ENVOYER UN SIGNAL FORT

En croyant pouvoir attirer la sympathie d’une communauté en poussant un de ses membres dans une position nettement au-dessus de ses mérites, l’auteur de la nomination montre au pays ce que ce groupe peut produire comme fleuron, comme crème de l’intelligence. Il rend alors un mauvais service à cette communauté.

On ne sait si ceux qui choisissent un élément médiocre d’un groupe le font expressément pour dénigrer le groupe, et l’exposer aux sarcasmes. Toutefois, ils doivent savoir que leur choix s’assimile à l’offense du mépris vis-à- vis de cette communauté. Et en croyant lui faire une faveur, ils sont en train de l’envoyer sur le bûcher de la critique pour que d’autres la regardent griller.

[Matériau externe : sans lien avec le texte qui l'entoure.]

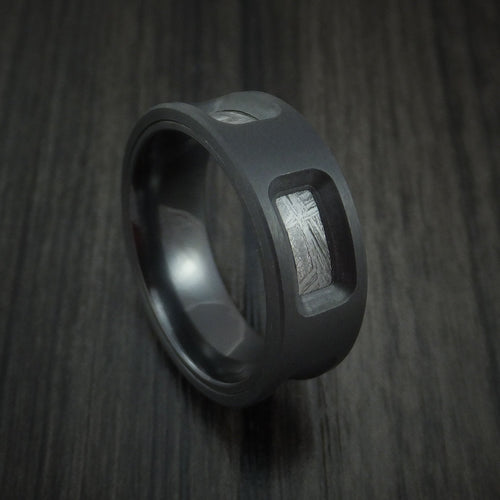 Rimu XVII - Black Zirconium and Gibeon Meteorite Men's Wedding Ring - Nura Lab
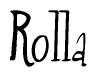 The image contains the word 'Rolla' written in a cursive, stylized font.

Afin de protéger une communauté, il serait nécessaire d’envoyer un signal fort aux politiciens qui font des nominations méprisantes ou ceux qui les poussent à installer des médiocres à des postes disproportionnés à leurs compétences. Il s’agit de leur dire le mal qu’ils font à la communauté en choisissant un élément qui sera fortement, mais à juste titre, critiqué par l’opinion et qui fera l’objet des caricatures les plus hilarantes dans les médias.

Ceux qui font d’une nomination un investissement pour gagner le soutien d’un groupe à leurs ambitions politiques doivent comprendre qu’on ne peut dénigrer un groupe en mettant un de ses membres sur la place publique pour qu’il soit vilipendé, pour qu’on découvre son niveau et les moyens qu’il aurait utilisés pour asseoir ses ambitions personnelles. S’il n’y a pas ce rappel à qui de droit, les nominations méprisantes persisteront. Et l’opinion finira par croire que tel groupe est facilement achetable et qu’il est entièrement fait de la même trempe que celle du nominé médiocre.

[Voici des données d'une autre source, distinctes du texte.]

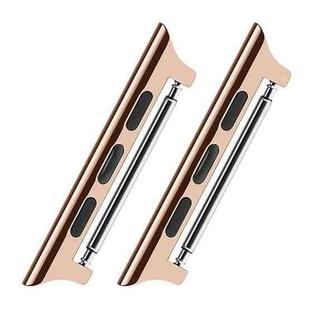 2 PCS Watchbands Stainless Steel Acoustic Ear Connector, Width: 22mm For Apple Watch Series 6 & SE & 5 & 4 40mm / 3 & 2 & 1 38mm(Rose Gold)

Certains critiqueront peut-être l’élitisme à peine voilé qui caractérise les propos ci-dessus. Mais il faut l’assumer. Lorsqu’on prend un nominé, c’est pour remplir une mission publique : aider à construire un pays. Et si le politicien veut construire en puisant dans les ressources d’une communauté donnée, on ne peut que lui dire : par respect pour cette communauté, prenez parmi les plus grands de ses architectes. Et non le plus petit de ses tireurs plans…. Même si affinités.